Many of the ‘security measures’ you have put into place serve only to make it much more difficult for those of us who rely on password managers. Password managers are not your enemy here. In fact, encouraging the use of trusted password managers will do more for your users’ security than any of the measures you currently have in place.

You have an awesome opportunity here. Take the time to educate your users on the value of true security. Encourage users to adopt long, random, and unique passwords that never need to be stored in their brains. Make it easy for password managers to store and fill these secure passwords for your users (in web browsers as well as in mobile apps).

For users that utilize long, complex passwords full of unique characters and numbers, the TD Canada iPhone app has become useless right now, as logging in is impossible without looking at your password and manually inputting it, an absolute burden (#firstworldproblems).

Let’s hope TD Canada and other banks consider integrating password managers such as 1Password into their app.
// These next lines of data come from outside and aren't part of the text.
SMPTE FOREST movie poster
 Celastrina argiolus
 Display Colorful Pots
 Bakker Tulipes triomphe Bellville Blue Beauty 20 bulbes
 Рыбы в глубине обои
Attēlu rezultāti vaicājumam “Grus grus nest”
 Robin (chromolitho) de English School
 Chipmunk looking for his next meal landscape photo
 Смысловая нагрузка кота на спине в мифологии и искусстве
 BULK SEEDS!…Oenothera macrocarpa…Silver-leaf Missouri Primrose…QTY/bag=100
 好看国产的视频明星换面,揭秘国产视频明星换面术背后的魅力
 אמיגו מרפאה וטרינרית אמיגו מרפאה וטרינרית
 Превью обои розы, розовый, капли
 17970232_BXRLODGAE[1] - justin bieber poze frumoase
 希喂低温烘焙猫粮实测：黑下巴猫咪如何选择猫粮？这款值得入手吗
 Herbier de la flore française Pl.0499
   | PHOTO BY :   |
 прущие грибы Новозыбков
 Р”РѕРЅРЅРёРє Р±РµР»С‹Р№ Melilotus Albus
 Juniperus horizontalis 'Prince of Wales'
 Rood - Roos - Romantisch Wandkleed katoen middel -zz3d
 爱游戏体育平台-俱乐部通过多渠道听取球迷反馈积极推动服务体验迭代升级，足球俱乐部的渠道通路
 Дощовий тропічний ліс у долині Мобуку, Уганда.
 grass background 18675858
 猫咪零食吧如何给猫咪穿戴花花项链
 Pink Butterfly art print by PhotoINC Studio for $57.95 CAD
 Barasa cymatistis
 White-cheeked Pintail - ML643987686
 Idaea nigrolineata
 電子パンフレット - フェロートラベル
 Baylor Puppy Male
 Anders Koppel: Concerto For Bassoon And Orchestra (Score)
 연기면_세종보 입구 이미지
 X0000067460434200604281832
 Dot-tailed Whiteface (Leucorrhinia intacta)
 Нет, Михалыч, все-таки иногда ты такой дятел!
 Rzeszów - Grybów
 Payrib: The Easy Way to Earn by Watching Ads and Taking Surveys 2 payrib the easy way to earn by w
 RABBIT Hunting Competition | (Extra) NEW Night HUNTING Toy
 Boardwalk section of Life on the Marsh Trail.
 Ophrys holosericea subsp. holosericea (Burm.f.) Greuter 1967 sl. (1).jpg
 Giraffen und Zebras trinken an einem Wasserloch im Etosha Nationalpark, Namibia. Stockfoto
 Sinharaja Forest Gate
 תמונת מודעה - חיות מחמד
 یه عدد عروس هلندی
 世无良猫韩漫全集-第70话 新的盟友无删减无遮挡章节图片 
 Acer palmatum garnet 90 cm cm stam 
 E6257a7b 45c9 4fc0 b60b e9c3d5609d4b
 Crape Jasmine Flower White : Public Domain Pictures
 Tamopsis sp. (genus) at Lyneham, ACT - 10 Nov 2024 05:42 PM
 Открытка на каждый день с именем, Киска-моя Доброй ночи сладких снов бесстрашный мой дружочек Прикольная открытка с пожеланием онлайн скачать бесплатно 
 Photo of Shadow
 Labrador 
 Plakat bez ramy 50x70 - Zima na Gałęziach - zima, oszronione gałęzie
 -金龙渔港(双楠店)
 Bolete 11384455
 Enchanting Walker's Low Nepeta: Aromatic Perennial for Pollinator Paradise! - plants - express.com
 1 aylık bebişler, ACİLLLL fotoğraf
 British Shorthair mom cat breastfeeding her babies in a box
Tangerine’s iPhone app uses Touch ID as a way to authenticate, why can’t other banks too?


  • z

    That’s what TD gets for hiring idiots to mange their social media account. I really can’t believe a large corporation will hire and continue to employ “SB”, someone who can’t spell out “thx”, “ur” [although he/she uses “your” two words later], and “mgr”. Not sure if TB is just trying to be “hip” by likely having some young lowly paid student running their social media account, because to me it just looks plain unprofessional for a company like this to tweet without proper use of English. /rant

  • Anthony

    I assume they’re probably just trying to do the best they can with Twitters character limit.

  • Chris

    If you’re going to call someone out for proper use of English, might be a good idea to check your own over. TB!!!

  • AnArcticMonkey

    Welcome to new marketing, you have 140 characters.

  • ipostic

    I think people are slightly overreacting here. Are we judging the whole TD by someone’s stupid mistake? Social media for customer relations is somewhat of a new concept and it’s hard to regulate it with bunch of policies of what to say and what not to say. Too much policies will result in general useless responses. Too few policies will result in fuck ups like this one. /SB screwed up and now TD is in damage control mode, but seeing some responses about the bank being “morons” and someone leaving bank because of it? Common. TD hires those who are willing to work these probably not so attractive jobs as social media customer service. I doubt there is a line up of highly skilled people applying to talk on Twitter. But that’s just my opinion.

  • Greenlimecrush

    I was so frustrated a few months ago whe the CIBC mobile app did the same thing with disabling paste in the password field. They have since brought it back. Now if they’d only integrate with TouchID.

  • Russell Porter

    What’s the big deal. Remember your passwords. That is the best practice.

  • shuriken48

    It’s not just TD, my father and mother have accounts with Desjardins & BNC and they were also told not to use Lastpass because it was not secure to do so and this is on a computer as well as on their iPhone. 🙁

  • lol

    Z you ignorant slut

  • Lame

    What a lame post

  • moz

    Sorry but I must disagree. I have a little bit more than 50 completely different passwords and some of those account are sometime not used for an extended period of time (resulting in password being forgotten). Best practive is to reset your password every once i a while. With all those complex passwords that are not reused remembering is not feasible anymore.